Fica agora a ideia que que essa vertente da nossa diplomacia acabou por ser ”demasiado” bem sucedida.
É que passamos os dias a assistir a queixas pelo facto dos estrangeiros comprarem empresas nacionais, importantes setores do parque imobiliário lisboeta ou terrenos junto ao Alqueva. Ora as regras na base das quais esses investimentos são feitos são essencialmente europeias e, tal como as nacionais, foram aprovadas por sucessivos e diferentes governos portugueses, que recordo terem sido eleitos pelas mesmas pessoas que agora protestam (não vejo os mais jovens muito queixosos).
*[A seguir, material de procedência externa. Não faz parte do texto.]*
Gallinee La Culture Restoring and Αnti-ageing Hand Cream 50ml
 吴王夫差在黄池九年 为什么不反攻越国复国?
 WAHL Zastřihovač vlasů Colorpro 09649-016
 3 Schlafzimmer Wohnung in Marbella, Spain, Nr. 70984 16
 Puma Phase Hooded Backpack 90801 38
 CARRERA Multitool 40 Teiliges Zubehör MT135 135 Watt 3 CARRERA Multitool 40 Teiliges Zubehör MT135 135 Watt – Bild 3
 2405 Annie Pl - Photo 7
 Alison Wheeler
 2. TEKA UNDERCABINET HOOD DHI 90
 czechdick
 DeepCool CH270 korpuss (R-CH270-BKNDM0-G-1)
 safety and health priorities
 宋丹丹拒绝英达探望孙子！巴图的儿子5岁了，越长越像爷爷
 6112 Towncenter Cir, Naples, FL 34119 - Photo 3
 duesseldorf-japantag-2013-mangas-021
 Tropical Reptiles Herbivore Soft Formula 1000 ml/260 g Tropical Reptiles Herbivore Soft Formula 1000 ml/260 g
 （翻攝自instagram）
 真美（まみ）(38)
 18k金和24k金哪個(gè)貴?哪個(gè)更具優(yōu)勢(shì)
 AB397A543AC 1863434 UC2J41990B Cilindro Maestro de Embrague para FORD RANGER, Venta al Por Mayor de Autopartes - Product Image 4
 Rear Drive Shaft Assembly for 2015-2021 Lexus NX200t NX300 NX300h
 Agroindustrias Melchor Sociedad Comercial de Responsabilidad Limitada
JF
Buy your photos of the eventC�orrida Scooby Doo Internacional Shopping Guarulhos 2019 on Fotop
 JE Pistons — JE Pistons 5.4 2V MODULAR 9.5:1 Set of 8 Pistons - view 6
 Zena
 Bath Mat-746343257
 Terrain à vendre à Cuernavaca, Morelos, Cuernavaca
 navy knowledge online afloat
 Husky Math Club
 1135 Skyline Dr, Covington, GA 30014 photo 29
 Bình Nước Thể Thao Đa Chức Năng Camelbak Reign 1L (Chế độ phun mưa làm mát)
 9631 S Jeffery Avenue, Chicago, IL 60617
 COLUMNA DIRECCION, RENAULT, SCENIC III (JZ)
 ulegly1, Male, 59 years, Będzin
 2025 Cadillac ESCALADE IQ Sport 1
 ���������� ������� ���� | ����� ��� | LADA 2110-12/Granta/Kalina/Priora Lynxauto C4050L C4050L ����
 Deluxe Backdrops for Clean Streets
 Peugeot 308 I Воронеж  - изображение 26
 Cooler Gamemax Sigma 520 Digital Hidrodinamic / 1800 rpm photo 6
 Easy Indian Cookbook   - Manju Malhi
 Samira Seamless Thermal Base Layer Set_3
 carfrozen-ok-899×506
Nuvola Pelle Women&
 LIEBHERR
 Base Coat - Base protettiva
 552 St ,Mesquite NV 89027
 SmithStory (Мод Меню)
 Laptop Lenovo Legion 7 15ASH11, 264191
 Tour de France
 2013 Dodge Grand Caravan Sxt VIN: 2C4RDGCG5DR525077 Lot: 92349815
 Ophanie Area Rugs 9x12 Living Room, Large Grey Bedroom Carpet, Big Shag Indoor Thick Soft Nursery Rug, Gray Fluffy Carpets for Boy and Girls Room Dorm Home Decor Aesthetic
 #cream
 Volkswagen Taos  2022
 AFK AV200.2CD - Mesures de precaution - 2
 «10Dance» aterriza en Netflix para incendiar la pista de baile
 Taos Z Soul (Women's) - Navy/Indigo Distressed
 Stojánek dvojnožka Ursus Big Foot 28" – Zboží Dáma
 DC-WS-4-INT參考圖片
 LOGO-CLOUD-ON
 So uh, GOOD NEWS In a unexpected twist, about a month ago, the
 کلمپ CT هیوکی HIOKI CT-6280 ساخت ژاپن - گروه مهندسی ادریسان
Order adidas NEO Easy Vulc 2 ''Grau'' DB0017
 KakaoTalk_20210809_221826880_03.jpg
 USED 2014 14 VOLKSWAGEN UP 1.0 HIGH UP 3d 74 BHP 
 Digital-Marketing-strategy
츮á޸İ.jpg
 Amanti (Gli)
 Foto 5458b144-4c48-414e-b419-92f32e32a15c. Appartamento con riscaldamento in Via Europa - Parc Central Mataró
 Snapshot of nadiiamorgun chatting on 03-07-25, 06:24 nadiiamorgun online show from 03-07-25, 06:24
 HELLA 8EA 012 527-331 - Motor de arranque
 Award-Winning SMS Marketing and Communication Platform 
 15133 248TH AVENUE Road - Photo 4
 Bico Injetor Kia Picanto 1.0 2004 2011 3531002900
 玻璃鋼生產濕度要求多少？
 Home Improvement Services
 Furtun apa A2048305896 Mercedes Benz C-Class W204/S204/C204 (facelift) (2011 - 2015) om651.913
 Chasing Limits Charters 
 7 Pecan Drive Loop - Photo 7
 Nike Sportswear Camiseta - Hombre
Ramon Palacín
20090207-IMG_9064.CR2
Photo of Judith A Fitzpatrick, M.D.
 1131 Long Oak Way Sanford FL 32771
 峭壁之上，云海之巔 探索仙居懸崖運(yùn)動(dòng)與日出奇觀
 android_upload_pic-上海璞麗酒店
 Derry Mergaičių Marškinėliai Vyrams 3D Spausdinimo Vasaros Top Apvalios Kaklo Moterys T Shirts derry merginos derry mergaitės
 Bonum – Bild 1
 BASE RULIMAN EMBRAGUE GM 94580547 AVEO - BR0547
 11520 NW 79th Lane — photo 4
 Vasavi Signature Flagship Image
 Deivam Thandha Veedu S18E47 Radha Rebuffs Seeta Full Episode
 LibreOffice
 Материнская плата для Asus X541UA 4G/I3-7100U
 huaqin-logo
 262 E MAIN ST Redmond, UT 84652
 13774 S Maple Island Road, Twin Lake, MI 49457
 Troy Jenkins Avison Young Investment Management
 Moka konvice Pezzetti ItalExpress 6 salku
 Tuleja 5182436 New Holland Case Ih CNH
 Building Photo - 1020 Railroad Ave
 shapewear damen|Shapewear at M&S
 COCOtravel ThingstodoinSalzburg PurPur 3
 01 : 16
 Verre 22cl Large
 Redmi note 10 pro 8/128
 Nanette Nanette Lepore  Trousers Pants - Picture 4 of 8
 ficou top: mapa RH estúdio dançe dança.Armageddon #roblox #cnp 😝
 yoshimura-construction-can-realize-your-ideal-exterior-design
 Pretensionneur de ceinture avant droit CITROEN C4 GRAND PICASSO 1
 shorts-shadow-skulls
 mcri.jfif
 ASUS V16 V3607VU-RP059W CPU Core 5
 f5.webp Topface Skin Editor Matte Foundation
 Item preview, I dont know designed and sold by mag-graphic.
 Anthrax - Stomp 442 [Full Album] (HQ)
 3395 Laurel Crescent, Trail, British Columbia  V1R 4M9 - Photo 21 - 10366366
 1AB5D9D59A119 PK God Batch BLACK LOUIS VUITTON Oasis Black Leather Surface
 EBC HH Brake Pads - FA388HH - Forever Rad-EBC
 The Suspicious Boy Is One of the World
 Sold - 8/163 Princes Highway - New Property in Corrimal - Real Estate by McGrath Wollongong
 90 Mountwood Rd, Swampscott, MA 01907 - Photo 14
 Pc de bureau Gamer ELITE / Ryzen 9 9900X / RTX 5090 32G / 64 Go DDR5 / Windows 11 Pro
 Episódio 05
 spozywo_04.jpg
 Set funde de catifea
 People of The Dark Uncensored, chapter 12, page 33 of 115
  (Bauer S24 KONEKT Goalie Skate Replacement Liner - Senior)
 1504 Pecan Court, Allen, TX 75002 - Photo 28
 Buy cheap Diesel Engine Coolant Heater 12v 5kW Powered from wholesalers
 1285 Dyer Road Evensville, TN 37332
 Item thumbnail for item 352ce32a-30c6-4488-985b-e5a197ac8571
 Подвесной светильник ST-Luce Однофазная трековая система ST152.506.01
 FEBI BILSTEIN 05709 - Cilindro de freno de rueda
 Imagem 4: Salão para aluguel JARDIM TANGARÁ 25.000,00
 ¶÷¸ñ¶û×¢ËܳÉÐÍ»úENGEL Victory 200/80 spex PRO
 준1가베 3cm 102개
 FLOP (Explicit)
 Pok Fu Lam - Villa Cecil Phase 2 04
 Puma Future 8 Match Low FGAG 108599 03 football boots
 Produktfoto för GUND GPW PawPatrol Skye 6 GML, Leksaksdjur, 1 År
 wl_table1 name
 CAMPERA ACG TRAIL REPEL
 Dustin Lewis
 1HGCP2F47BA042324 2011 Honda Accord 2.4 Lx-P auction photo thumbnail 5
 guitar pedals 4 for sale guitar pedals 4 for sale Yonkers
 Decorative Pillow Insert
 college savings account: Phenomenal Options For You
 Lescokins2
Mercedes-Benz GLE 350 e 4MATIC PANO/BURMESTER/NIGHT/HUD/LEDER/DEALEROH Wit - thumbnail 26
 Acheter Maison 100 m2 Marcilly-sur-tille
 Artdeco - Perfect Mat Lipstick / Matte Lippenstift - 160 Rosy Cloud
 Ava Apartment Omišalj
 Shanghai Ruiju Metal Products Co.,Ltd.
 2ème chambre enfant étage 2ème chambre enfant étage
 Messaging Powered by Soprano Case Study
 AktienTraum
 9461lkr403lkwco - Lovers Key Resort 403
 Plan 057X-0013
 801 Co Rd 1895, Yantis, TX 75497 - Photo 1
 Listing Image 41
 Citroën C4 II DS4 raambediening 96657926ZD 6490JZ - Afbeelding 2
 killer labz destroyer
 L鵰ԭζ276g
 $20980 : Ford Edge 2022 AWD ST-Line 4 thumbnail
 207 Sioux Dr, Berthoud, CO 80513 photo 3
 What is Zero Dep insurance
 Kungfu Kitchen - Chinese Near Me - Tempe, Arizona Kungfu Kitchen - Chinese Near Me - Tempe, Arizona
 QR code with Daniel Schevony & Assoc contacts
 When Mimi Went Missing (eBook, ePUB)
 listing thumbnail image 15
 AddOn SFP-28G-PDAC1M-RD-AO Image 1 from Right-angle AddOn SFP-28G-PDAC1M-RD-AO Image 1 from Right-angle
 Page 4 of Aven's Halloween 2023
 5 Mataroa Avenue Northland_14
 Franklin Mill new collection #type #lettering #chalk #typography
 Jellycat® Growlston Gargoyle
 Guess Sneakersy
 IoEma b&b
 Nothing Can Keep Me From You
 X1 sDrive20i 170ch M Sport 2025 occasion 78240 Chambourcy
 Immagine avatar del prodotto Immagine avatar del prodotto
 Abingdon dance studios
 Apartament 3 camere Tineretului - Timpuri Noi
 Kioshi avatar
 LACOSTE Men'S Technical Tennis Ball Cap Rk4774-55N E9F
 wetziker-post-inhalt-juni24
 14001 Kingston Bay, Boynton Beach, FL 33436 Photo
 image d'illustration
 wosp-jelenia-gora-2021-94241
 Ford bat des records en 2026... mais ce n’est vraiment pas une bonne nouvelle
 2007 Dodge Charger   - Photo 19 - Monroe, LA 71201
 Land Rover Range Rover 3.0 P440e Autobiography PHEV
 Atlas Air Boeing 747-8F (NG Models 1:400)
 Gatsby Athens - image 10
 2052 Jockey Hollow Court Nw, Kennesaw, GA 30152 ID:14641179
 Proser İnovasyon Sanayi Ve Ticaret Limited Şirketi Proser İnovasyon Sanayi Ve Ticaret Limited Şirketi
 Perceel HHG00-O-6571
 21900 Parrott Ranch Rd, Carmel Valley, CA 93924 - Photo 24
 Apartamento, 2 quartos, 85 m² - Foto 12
Do mesmo modo, e a toda a hora, ouvimos lamentos pelo excesso de presença de turistas, como se pudesse haver limites à circulação de pessoas nas sociedades livre contemporâneas. Os protestos iludem o impulso dado pelo turismo às indústrias da hotelaria e da restauração, com significativa quebra das taxas de desemprego. Há impactos no sossego de alguns? É verdade, como acontece em Paris, em Roma ou em Atenas. Mas então andámos a ”vender” o nosso sol e praia, as pousadas e o turismo de habitação, o Douro e a beleza dos Açores para quê? Queremos sol na eira e chuva no nabal?
Parece que já só falta ver gente a protestar pela delapidação do património gastro-cultural que pode representar a venda ao exterior do nosso queijo da serra ou dos nossos salpicões.